4. … And Make Sure It Covers Alternative Advancement Routes

A career advancement path doesn't necessarily mean moving from a lower to a higher position. Many companies, for example, offer what is called "dual career ladders". In other words, a managerial and a non-managerial (or "technical") career upgrade path. For example, an employee might be an exceptional performer at their current role, but unsuited for (or unwilling to go to) a managerial role.

To give such employees a sense of advancement (and keep them in the company), you can use raises and bonuses, or provide them with an assistant to take over their less critical responsibilities. Moving an employee between different posts at the same hierarchical level is another career path that doesn't involve a promotion.

Job rotation can help when employees feel dissatisfied with their current post or existing team. It also offers a way for employees to have an overview of the company's workflows and discover their real talent and passion among the many available roles.

5. Advertise It

For a career development plan for employees to have the desired effect, both within and outside a company, it first needs to be known.

Give employees a breakdown of your overall advancement plan, so that they feel more motivated to work towards it. Offer examples based on your employee career development plan that cover typical promotion scenarios to help your staff understand the available opportunities.

The presence of career advancement opportunities is also a significant factor in attracting talent to work for you. Advertising your career development plan outside the company is a good idea. Mention it in job postings and promotional materials, describe it in blog posts and recruitment offers, and cover it in your pre-employment training – and on any other chance that you get.

6. Invest In Training

To promote someone as part of your plan, they would need the right mix of experience and skills. Experience will come naturally in time, which is why seniority is important. Skills, however, need active development, and it's up to the employer to organize training courses and other related employee development activities.

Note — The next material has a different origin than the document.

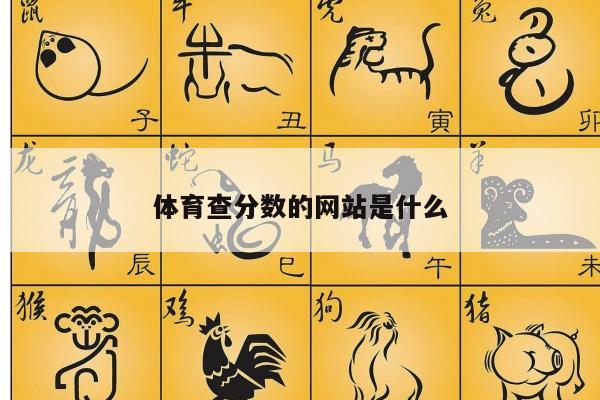 体育查分数的网站是什么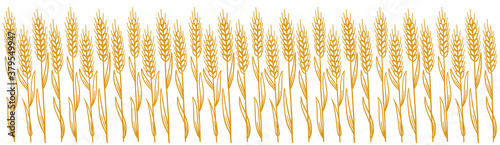 Wheat field. Leaves and Ears of rye. Agriculture straw. Horizontal banner background. Dry yellow grass. Orange contour vector line. Bread wrapper.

You should consider your employee training program as an essential part of your career advancement opportunities. From onboarding training to general skills training and certifications, your training program will help you identify the top performers, as well as those most suitable for different roles and responsibilities. A lifelong training program, combined with a selection of courses, will also encourage employees to study and gain new skills. Of course, your managers and HR people should be keeping an eye on, and rewarding, such efforts.

eLearning, especially with a web- and mobile-friendly platform like TalentLMS, is especially suited for such use cases. It allows employees to study at their own pace (and, in the case of a mobile LMS, from wherever they are). It's also less costly to offer on-demand, all-year-round learning opportunities.

If your LMS supports Instructor-Led Training, you can also use it as a mentorship platform, where senior employees and company leaders mentor new employees through webinars, traditional lectures, and teleconference sessions. Even better? An LMS will not only help you identify and fix skill gaps, but also give you ongoing insight on your learners' progress and on who your top performers are.

Conclusion

A solid career advancement plan will help your company attract and retain top talent, develop its future leadership, and strategically pursue its business goals.

In this quest, a modern corporate LMS, like TalentLMS, will help you give your employees the skills they need to march forward in their career.